O conflito começou quando a igreja se recusou a cumprir uma diretriz do Partido Comunista Chinês. A medida exigia que a bandeira nacional fosse hasteada dentro do templo religioso.

Os membros da congregação afirmaram que a ordem representava uma afronta à fé cristã e à santidade do espaço religioso. Mesmo diante da resistência, agentes do regime invadiram a propriedade e instalaram o mastro da bandeira à força.

Centenas de cristãos foram presos em operação policial

Segundo informações divulgadas pela China Aid, as ações ocorreram nos dias 14 e 15 de dezembro, quando forças de segurança cercaram diversos locais de culto na região de Yayang, em Zhejiang.

Entre os principais alvos estava a Igreja de Yazhong, onde mais de 100 fiéis acabaram detidos. Entre os presos estavam os líderes religiosos Lin Enzhao e Lin Enci, acusados de provocar tumultos.

A operação mobilizou grande aparato de segurança na região?

As autoridades chinesas mobilizaram policiais especiais e agentes de controle de distúrbios para executar as chamadas “operações de inspeção”. A ação ocorreu simultaneamente em 12 locais de reunião cristã.

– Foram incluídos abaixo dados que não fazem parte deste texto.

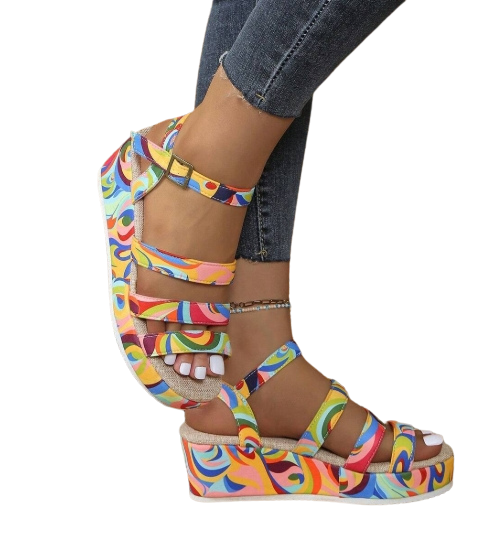 Curvy Soles Oana - Wide Fit Wedge Sandals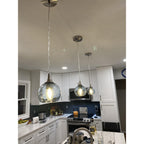 763 Single Pendant Light-Pendant Light-Bicycle Glass Co-Matte Black - 8ft Cord-Lunar-Steel Blue-Bicycle Glass Co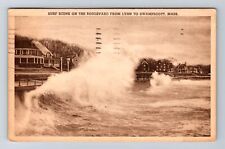 Swampscott MA-Massachusetts, Surf Scene On Boulevard Vintage c1940 Postcard picture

De acordo com relatos divulgados pela ONG, o regime ampliou o monitoramento sobre igrejas independentes nos últimos anos. Veja alguns pontos citados pelas organizações que acompanham o caso:

  • Prisões em massa de líderes religiosos e fiéis;
  • Demolição de templos considerados irregulares;
  • Instalação forçada de símbolos ligados ao governo chinês;
  • Uso da acusação de “provocar tumultos” contra cristãos;
  • Fiscalização intensificada em igrejas não alinhadas ao regime.

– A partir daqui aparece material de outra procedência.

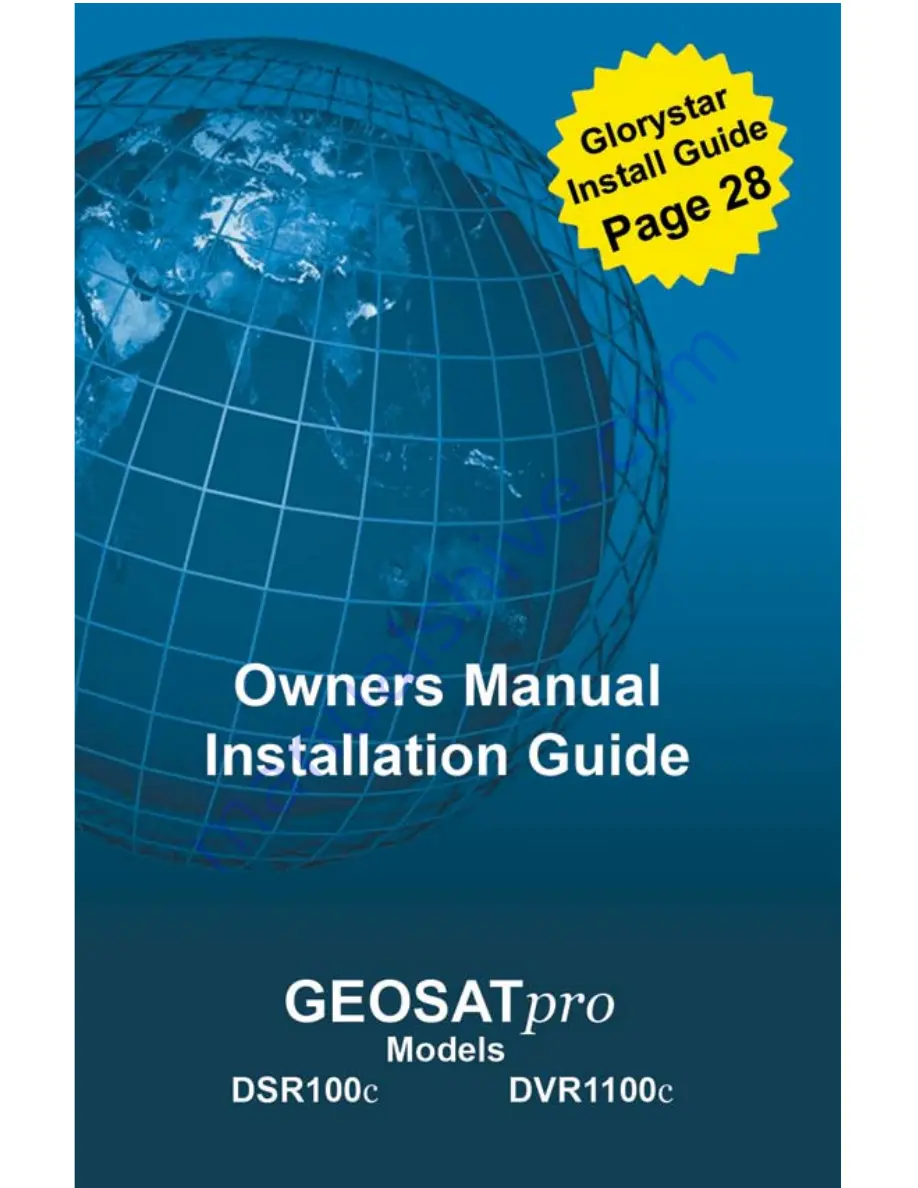 GEOSATpro DVR1100c Owners Manual And Instruction Manual Download Page 1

China amplia pressão contra igrejas independentes

Especialistas afirmam que a repressão faz parte da política de controle ideológico promovida pelo governo chinês. Igrejas que recusam interferência estatal passaram a ser tratadas como ameaça pelas autoridades.

Nos últimos anos, o país endureceu regras sobre manifestações religiosas e aumentou a vigilância sobre grupos cristãos. Em várias regiões, líderes religiosos relatam perseguição, censura e pressão para demonstrar lealdade política ao regime.

Como o caso impactou as organizações internacionais?

Entidades de defesa da liberdade religiosa denunciaram a demolição da igreja e as prisões realizadas em Zhejiang. Organizações internacionais acusam a China de violar direitos fundamentais ligados à liberdade de culto.

A repercussão do caso também reacendeu debates sobre o avanço da repressão estatal contra minorias religiosas no país. Enquanto isso, comunidades cristãs seguem sob vigilância constante das autoridades chinesas.